Edit

Share via


How Azure Machine Learning works: resources and assets

APPLIES TO: Azure CLI ml extension v2 (current) Python SDK azure-ai-ml v2 (current)

This article applies to the second version of the Azure Machine Learning CLI and Python SDK v2. For version one (v1), see How Azure Machine Learning works: Architecture and concepts (v1).

Azure Machine Learning includes several resources and assets to enable you to perform your machine learning tasks. These resources and assets are needed to run any job.

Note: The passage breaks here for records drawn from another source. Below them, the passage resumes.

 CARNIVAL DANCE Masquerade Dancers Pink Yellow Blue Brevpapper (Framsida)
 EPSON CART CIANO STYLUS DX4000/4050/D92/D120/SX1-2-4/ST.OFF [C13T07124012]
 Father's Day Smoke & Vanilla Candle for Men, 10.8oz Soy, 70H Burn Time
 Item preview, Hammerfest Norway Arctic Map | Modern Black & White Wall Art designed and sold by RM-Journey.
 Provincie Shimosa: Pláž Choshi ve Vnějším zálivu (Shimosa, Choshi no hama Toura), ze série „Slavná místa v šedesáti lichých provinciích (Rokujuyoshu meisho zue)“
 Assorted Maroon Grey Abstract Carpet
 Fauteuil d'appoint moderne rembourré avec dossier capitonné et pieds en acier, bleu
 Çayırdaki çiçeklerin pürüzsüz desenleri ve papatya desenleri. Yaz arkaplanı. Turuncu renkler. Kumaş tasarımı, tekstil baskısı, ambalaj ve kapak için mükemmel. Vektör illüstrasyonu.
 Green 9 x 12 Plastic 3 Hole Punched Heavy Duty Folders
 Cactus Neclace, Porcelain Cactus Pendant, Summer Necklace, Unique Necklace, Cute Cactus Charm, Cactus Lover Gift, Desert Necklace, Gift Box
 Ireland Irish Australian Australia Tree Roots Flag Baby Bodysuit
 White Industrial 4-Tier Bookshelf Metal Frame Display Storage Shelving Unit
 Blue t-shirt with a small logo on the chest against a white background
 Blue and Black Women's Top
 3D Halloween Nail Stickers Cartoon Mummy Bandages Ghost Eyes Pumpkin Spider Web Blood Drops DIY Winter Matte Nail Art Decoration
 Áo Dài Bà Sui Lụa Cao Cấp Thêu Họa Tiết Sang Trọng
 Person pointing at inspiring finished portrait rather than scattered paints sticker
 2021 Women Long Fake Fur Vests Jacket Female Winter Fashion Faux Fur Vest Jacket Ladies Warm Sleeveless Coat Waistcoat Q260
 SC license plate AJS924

  • Resources: setup or infrastructural resources needed to run a machine learning workflow. Resources include:
  • Assets: created with Azure Machine Learning commands or as part of a training/scoring run. Assets are versioned and can be registered in the Azure Machine Learning workspace. They include:

This document provides a quick overview of these resources and assets.

Prerequisites

To use the Python SDK code examples in this article:

  1. Install the Python SDK v2.

  2. Create a connection to your Azure Machine Learning subscription. The examples all rely on ml_client. To create a workspace, the connection doesn't need a workspace name, because you might not have one yet. All other examples in this article require that the workspace name is included in the connection.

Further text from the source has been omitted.